[Entries provided Boundary: Start]

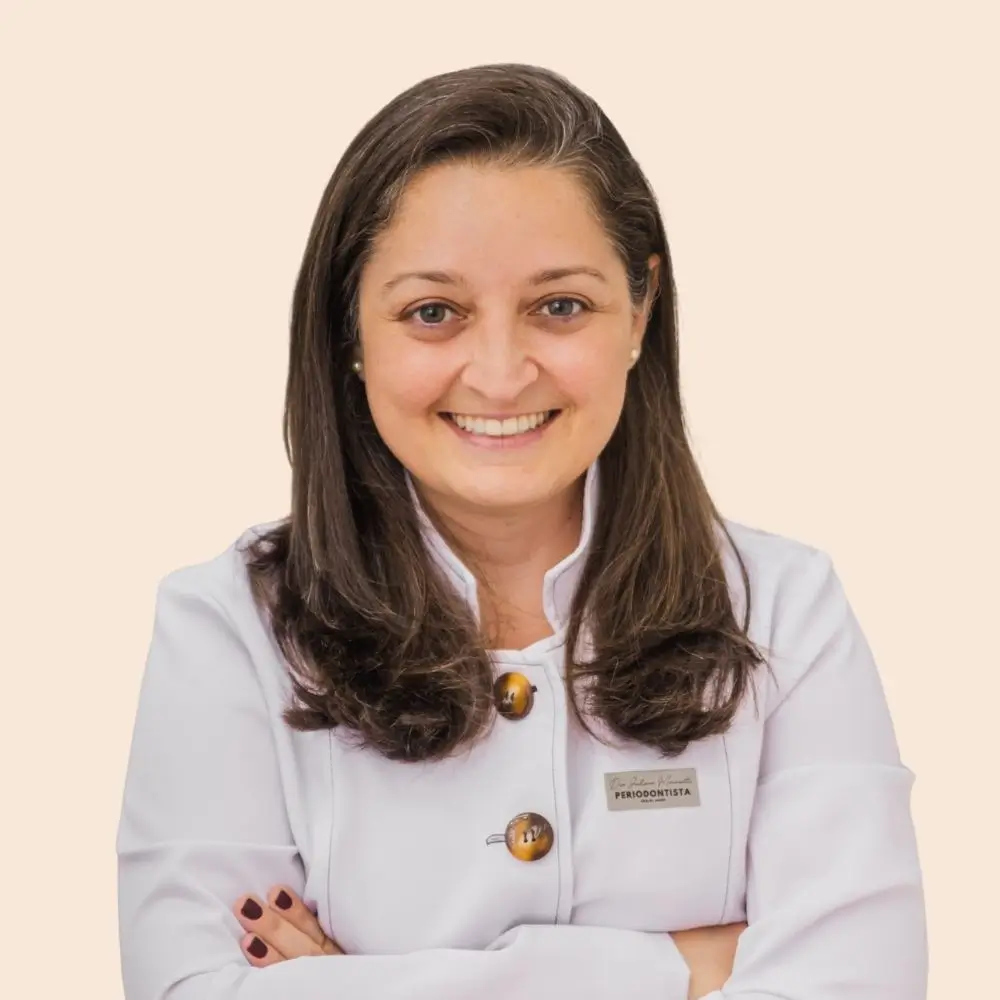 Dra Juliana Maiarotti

[Entries provided Boundary: End]
[Entries provided Boundary: Start]

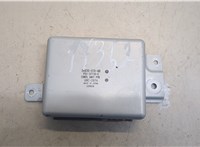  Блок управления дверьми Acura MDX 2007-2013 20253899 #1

[Entries provided Boundary: End]
[Entries provided Boundary: Start]

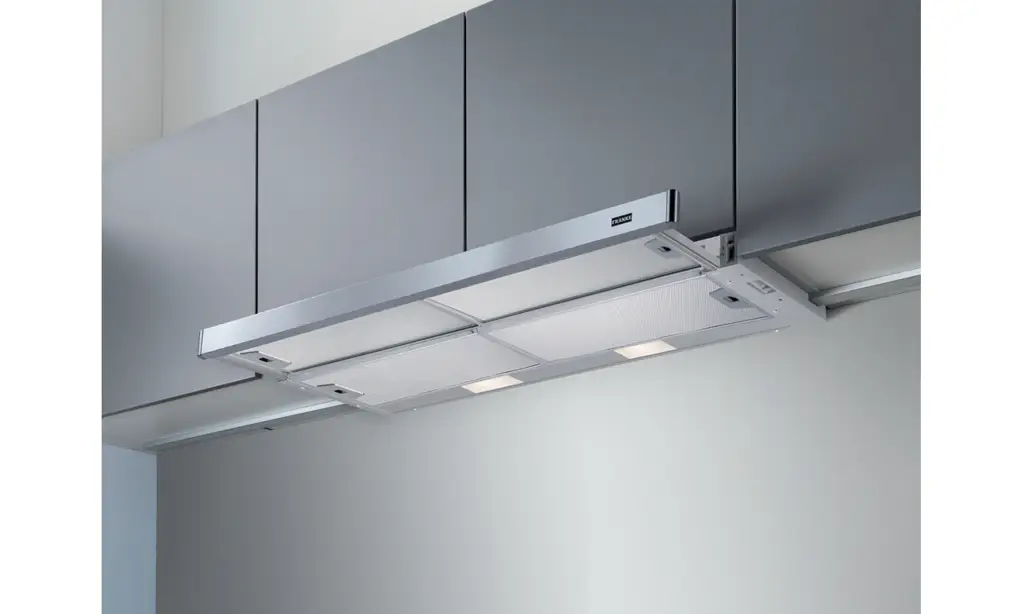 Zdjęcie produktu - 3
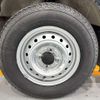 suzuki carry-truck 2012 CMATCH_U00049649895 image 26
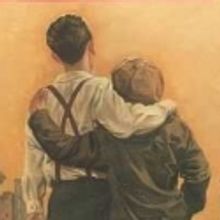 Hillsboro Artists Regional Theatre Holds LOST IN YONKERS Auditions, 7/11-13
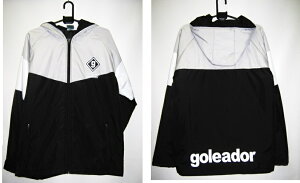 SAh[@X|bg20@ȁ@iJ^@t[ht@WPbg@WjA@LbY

[Entries provided Boundary: End]

▶ _What the task asks_: Set down, exactly as written above, each line from the one with "Zdjęcie produktu - 3" through the one with "SAh[@X|bg20@ȁ@iJ^@t[ht@WPbg@WjA@LbY", and skip the pictures.

▶ _Response area_:
 Zdjęcie produktu - 3
 suzuki carry-truck 2012 CMATCH_U00049649895 image 26
 Hillsboro Artists Regional Theatre Holds LOST IN YONKERS Auditions, 7/11-13
 SAh[@X|bg20@ȁ@iJ^@t[ht@WPbg@WjA@LbY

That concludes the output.